───── Supplied data

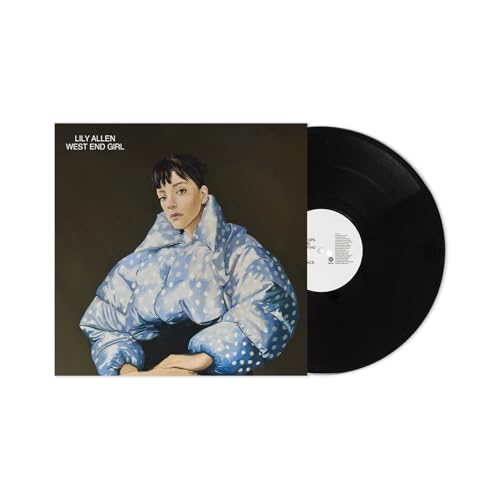 LILY ALLEN 7インチレコード2枚セット LILY ALLEN 7インチレコード2枚セット LILY ALLEN 7インチレコード2枚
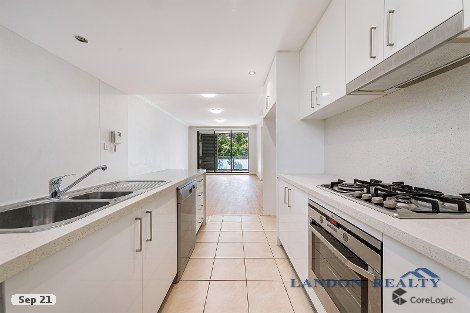 13/1-3 Eulbertie Ave, Warrawee, NSW 2074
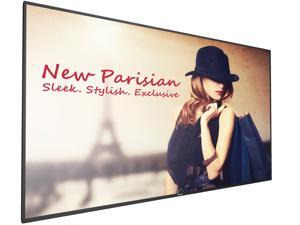 Philips 49BDL4050D 49" D-Line Full HD Commercial Display, Android 4.4.4, Built-in Speakers, Landscape/Portrait, 24/7 Philips 49BDL4050D 49" D-Line Full HD Commercial Display, Android 4.4.4, Built-in Speakers, Landscape/Portrait, 24/7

──────────

Exercise → Would you repeat the listing word for word and skip every picture?

Finished exercise →
 LILY ALLEN 7インチレコード2枚セット LILY ALLEN 7インチレコード2枚セット LILY ALLEN 7インチレコード2枚
 13/1-3 Eulbertie Ave, Warrawee, NSW 2074
 Philips 49BDL4050D 49" D-Line Full HD Commercial Display, Android 4.4.4, Built-in Speakers, Landscape/Portrait, 24/7 Philips 49BDL4050D 49" D-Line Full HD Commercial Display, Android 4.4.4, Built-in Speakers, Landscape/Portrait, 24/7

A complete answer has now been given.